Notizie dal Mondo dei Motori
Jacques Bousquet - Presidente Unrae

Jacques Bousquet - Presidente Unrae

L’Unrae, ossia l’Unione che rappresenta i Costruttori d’auto esteri, ha un nuovo presidente: Jacques Bousquet. Il suo obiettivo numero uno, per il prossimo biennio, è di riportare l’automobile in una posizione di centralità nella vita del Paese.

Dimensione Carattere:

Jacques Bousquet, già presidente di Renault Italia, ora è anche il numero uno Unrae, l’Unione che rappresenta i Costruttori d’auto esteri. Una bella sfida, giacché il momento per il settore automotive nel nostro Paese non è dei più brillanti (a differenza di quanto avviene un po’ in tutto il resto dei mercati mondiali). Proprio per questo, il neopresidente (lo sarà per il biennio 2011-13) ci racconta che "la nostra priorità è quella di riportare l’automobile in una posizione di centralità positiva nella vita del nostro Paese". Ma in che modo? Bousquet, da buon francese, utilizza una metafora che fa riferimento alla storia della sua nazione: "Uno strumento indispensabile per avviare questo recupero è la creazione degli Stati Generali dell’Auto, con l’Unrae protagonista assieme a tutte le altre associazioni del settore in un colloquio costante e costruttivo con i ministeri competenti": nella fattispecie, parliamo dei Trasporti, dello Sviluppo economico, e dell’Ambiente. In una parola, il Governo.
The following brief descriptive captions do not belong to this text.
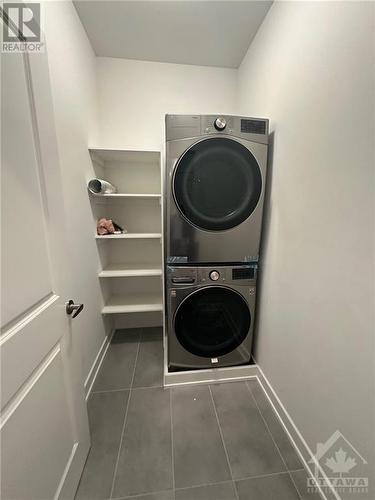 main level laundry - 563 Knotridge Street, Ottawa, ON - Indoor Photo Showing Laundry Room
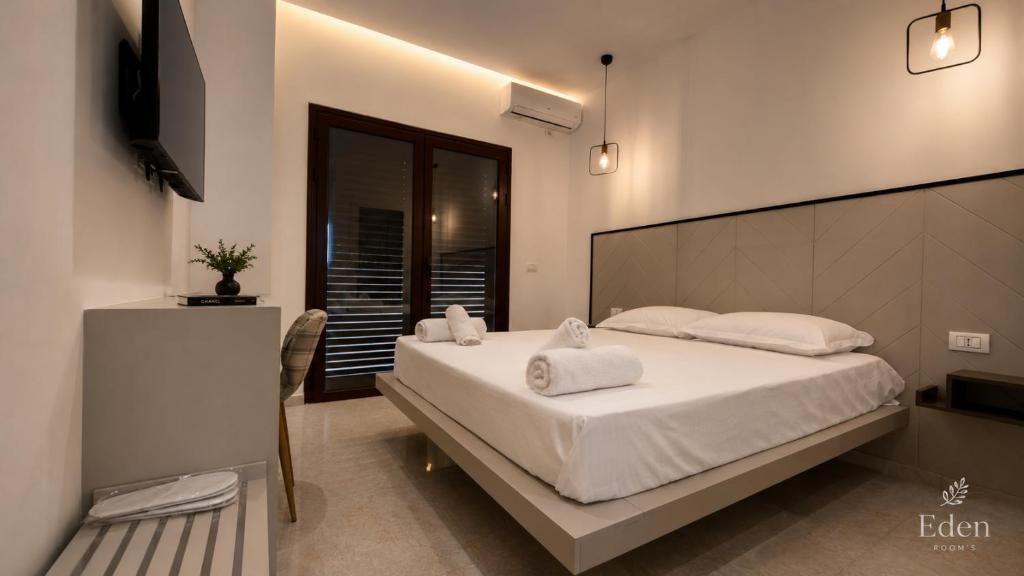 a bedroom with a large bed with white sheets and pillows at Eden Rooms in Vlorë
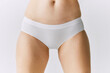 © master1305 - Cropped image of female body, belly, buttocks in underwear posing over grey studio background. Front view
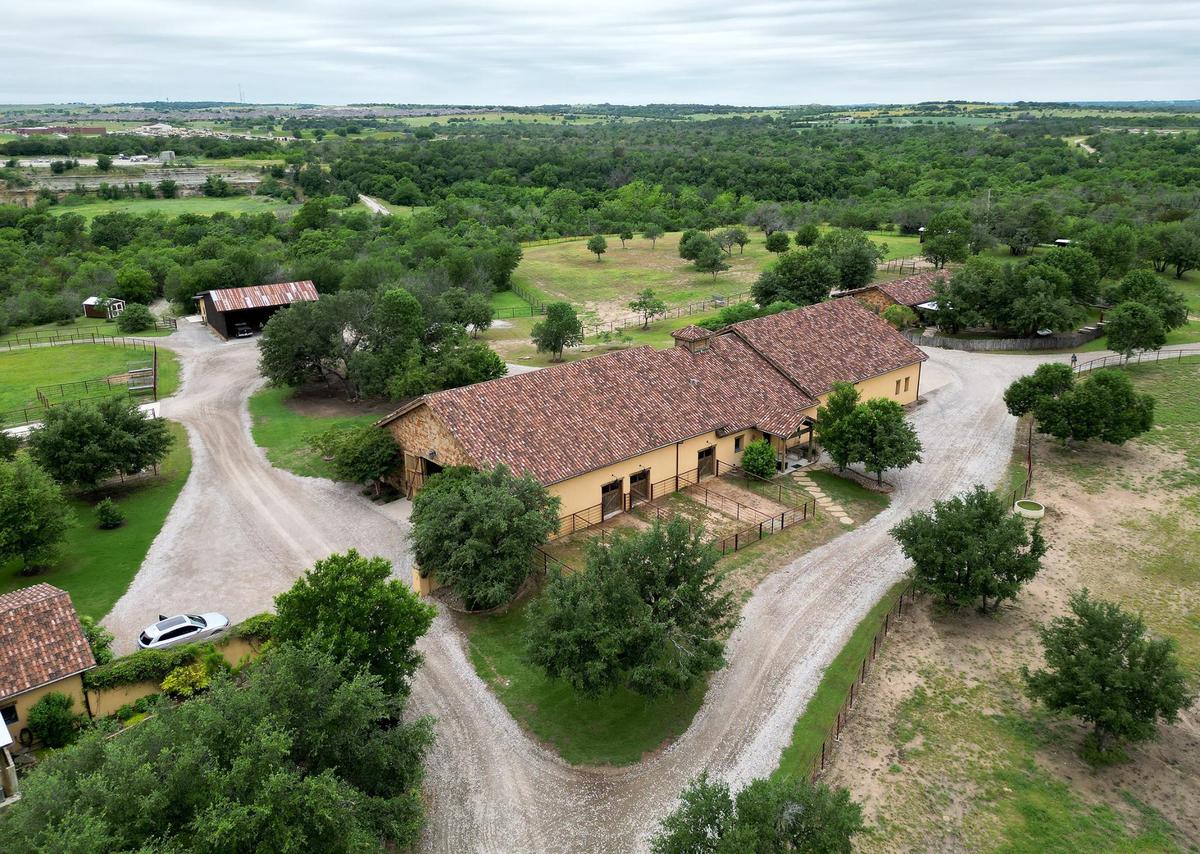 The stable barn on the property of Lazy H Ranch, a 50-acre property in Fort Worth.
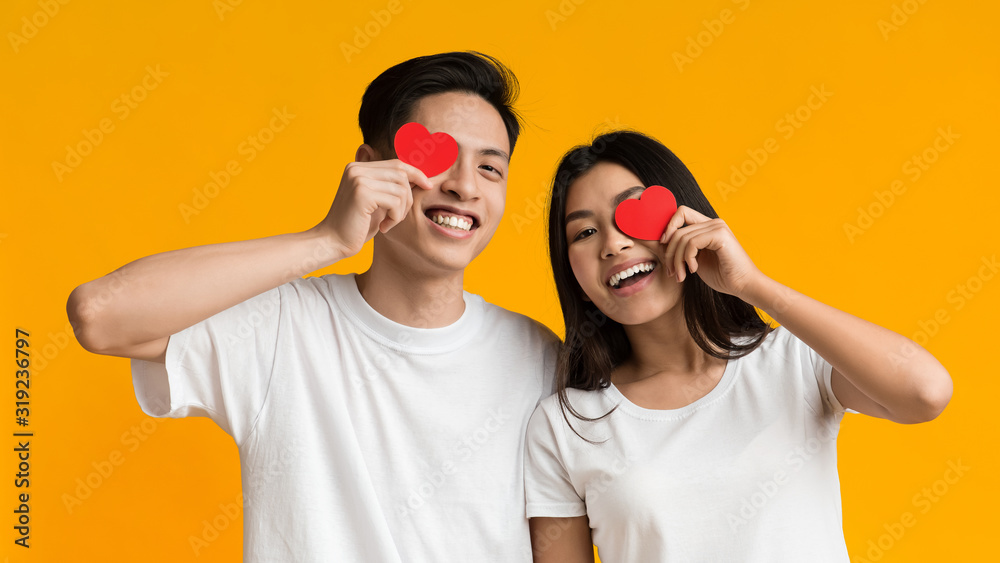 Happy asian couple covering one eye with valentine cards - obrazy, fototapety, plakaty 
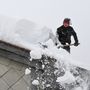 Inzellben lapátolja egy férfi a havat a háza tetejéről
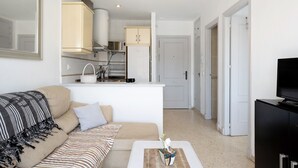 Una sala de estar con sofá, una mesa de centro, un mueble para televisión y una zona de cocina al fondo.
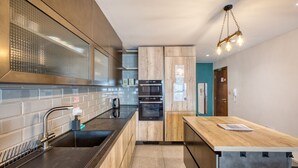 Una cocina moderna con un lavamanos de acero inoxidable, armarios de madera, horno empotrado y encimera de madera.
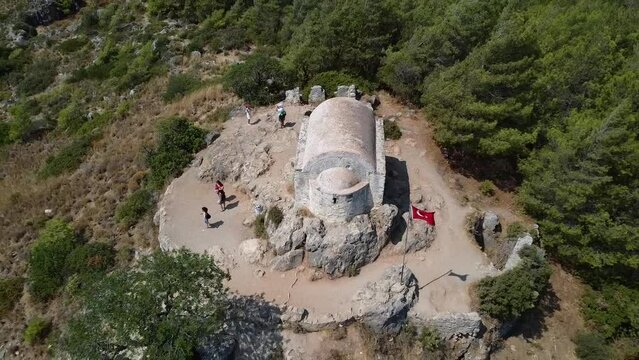 Aerial footage of abandoned town and chapel on the hill, top view of kayakoy ruins odl stone houses. 360 degree shooting with drone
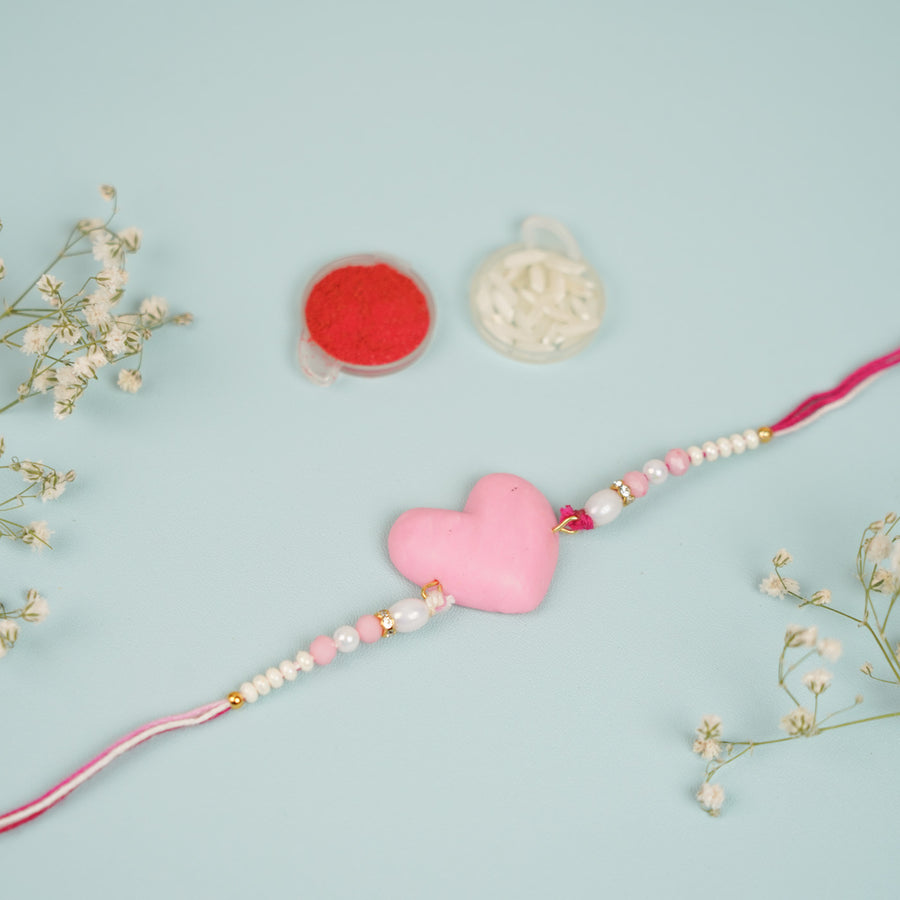 Handmade Beaded Pink Heart Shaped Clay Rakhi With Roli Chawal For Sisters - Close-up with Accessories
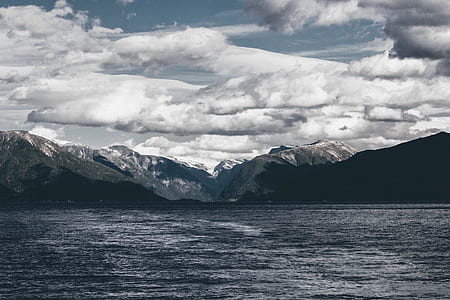 body of water near mountains under cloudy skies thumbnail
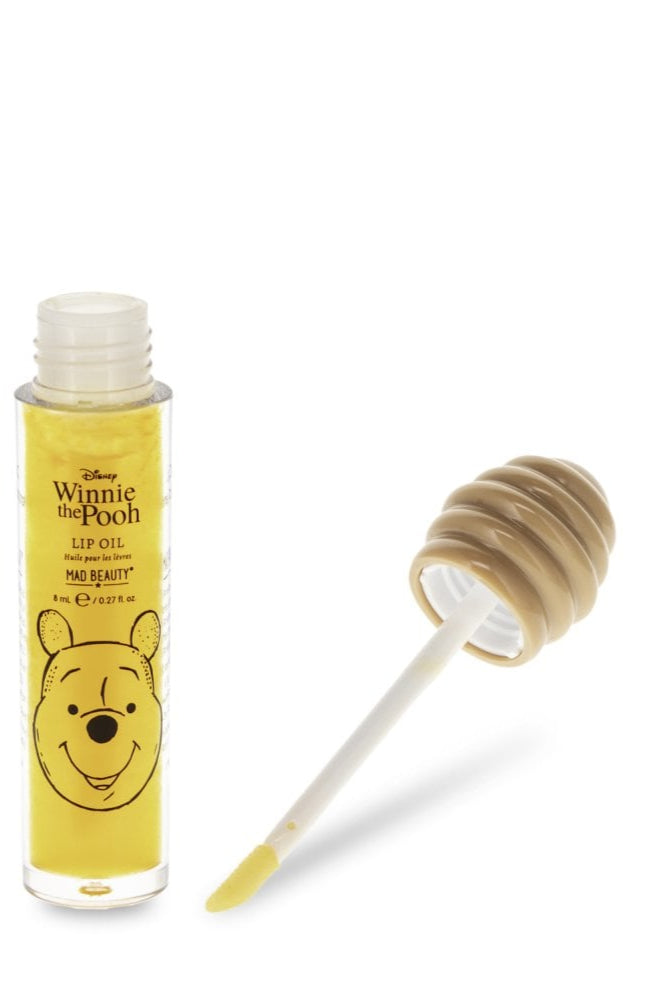 Winnie the Pooh lip oil with packaging on a white background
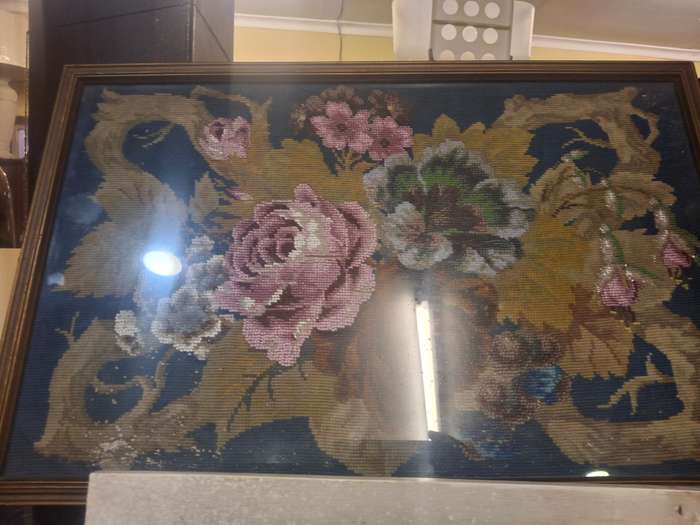 Stunning beaded rose taperstry behind glass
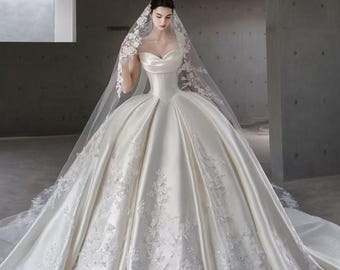 Vestido de novia de satén hecho a mano con escote corazón, cola de encaje floral, velo catedral con borde de encaje y atuendo nupcial personalizado.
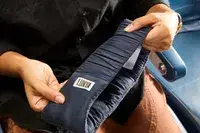 A person stretching the strap of the Lunya Washable Silk Sleep Mask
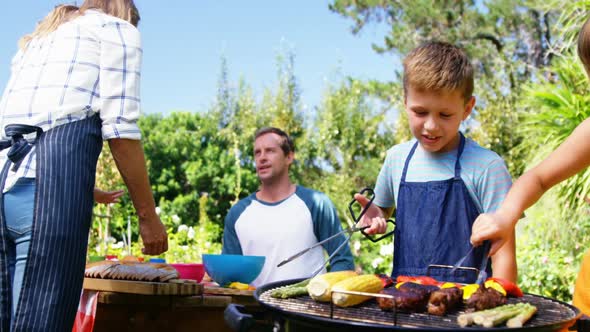 Kids grilling meat and vegetables on barbecue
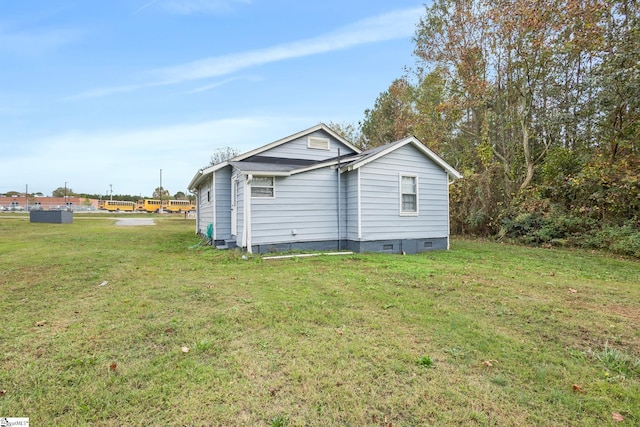 rear view of property featuring a lawn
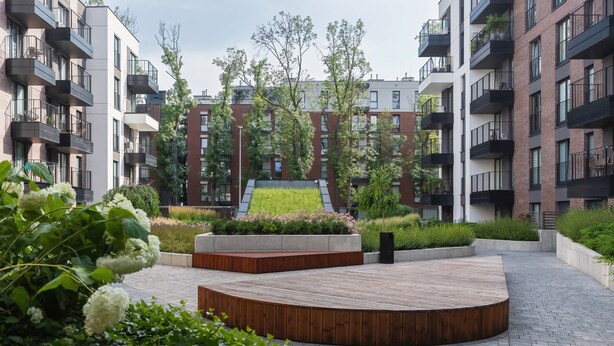 A modern apartment complex with balconies, a central green area, and a circular wooden platform. - Stylish Studio for Two with a Balcony | Close to the Old Town (Kraków)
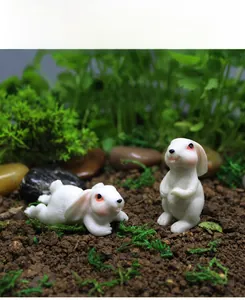 Dettaglio di coniglietti in miniatura in resina su muschio verde per decoro da giardino
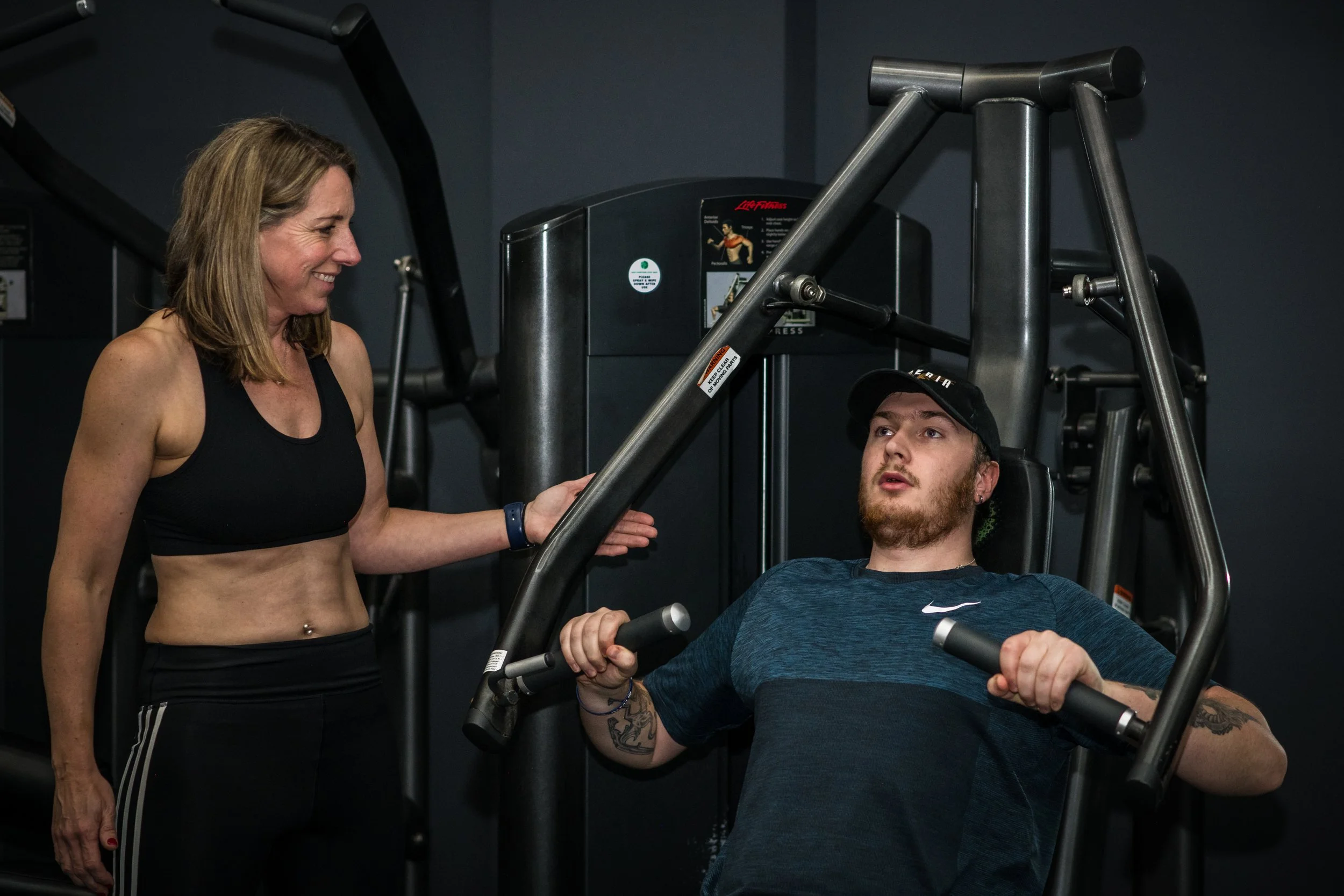 A woman in a black sports bra and black pants assisting a man in a dark blue athletic shirt with a workout at a gym. The man is using a chest press machine, and the woman is standing beside him, offering support and encouragement.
Bousquet, assieme ai membri Unrae, cercherà di restituire all’automobile, nell’ottica di una nuova crescita economica dell’intero comparto dell’automotive, un ruolo chiave come fonte fondamentale anche da un punto di vista sociale: lo scopo finale è anzitutto la difesa e poi la creazione dei posti di lavoro. Nonché dare un contributo decisivo al Pil e all’Erario.

L’Unrae chiede, in sostanza, una riforma fiscale. Meno tasse, specie per chi ha redditi bassi. E meno pressione dell’Erario sull’automobilista, già abbastanza strangolato dalle imposte: carburante, Rc auto, Ipt, bollo... Questo è stato ribadito anche al convegno sull’auto tenutosi a Milano il 14 giugno.

Un esempio positivo? Le misure a sostegno dell’auto prese all’inizio della crisi economica mondiale negli Stati Uniti dal Presidente Barack Obama ed in Germania dal Cancelliere Angela Merkel. "L’Unrae - ci spiega Bousquet - rappresenta il 70% del mercato automobilistico italiano e che possiede tutti i requisiti tecnici e la cultura necessari a contribuire al rilancio dell’auto, vuole e deve avere un ruolo propulsivo in questo quadro".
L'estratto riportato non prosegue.